▶ **EXERCISE DATA**:
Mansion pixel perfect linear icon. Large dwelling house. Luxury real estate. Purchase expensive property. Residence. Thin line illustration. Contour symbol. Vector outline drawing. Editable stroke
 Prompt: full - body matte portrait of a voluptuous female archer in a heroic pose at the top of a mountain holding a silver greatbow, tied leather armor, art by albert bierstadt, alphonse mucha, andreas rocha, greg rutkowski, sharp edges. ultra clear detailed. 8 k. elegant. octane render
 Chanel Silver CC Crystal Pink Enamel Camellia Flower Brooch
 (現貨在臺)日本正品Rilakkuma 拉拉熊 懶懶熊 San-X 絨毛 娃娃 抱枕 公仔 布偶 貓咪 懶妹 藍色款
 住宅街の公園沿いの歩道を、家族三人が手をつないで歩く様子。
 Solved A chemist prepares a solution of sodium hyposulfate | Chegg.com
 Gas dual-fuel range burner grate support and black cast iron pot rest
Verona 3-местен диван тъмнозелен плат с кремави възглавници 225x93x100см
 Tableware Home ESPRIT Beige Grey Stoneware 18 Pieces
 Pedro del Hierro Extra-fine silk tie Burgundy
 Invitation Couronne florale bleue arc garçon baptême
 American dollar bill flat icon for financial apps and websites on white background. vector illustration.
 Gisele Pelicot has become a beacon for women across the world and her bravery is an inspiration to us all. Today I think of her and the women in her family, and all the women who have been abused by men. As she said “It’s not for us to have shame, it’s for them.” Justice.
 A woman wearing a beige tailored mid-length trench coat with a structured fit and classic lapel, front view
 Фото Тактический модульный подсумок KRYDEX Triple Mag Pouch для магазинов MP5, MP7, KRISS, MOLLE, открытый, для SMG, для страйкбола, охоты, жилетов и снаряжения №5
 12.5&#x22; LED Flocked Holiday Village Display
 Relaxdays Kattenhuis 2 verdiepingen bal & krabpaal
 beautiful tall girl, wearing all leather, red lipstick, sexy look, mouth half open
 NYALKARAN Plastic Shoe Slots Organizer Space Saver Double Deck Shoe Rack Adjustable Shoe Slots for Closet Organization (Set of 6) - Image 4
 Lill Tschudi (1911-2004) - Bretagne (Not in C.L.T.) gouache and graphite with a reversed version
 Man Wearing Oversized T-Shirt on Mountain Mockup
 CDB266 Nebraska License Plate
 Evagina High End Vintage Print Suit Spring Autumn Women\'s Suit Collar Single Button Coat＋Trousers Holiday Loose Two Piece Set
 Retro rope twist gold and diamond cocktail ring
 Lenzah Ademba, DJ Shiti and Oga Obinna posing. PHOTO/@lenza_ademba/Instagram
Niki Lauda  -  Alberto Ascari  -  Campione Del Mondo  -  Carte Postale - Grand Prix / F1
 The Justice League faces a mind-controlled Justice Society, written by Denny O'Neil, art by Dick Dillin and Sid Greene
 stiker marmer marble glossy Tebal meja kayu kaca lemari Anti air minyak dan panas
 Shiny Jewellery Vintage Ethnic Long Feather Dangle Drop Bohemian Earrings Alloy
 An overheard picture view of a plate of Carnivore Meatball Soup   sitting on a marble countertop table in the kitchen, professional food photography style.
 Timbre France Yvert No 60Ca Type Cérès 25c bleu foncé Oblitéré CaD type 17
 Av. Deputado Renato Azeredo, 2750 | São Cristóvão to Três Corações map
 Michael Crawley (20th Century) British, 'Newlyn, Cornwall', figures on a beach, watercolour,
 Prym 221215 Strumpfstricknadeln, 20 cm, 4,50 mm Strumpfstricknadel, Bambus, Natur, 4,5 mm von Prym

▶ **PROBLEM TO SOLVE**: Set down precisely the lines above between the line holding "Chanel Silver CC" and the line holding "Solved A chemist", inclusive, and nothing beyond them.

▶ **TASK OUTPUT**:
 Chanel Silver CC Crystal Pink Enamel Camellia Flower Brooch
 (現貨在臺)日本正品Rilakkuma 拉拉熊 懶懶熊 San-X 絨毛 娃娃 抱枕 公仔 布偶 貓咪 懶妹 藍色款
 住宅街の公園沿いの歩道を、家族三人が手をつないで歩く様子。
 Solved A chemist prepares a solution of sodium hyposulfate | Chegg.com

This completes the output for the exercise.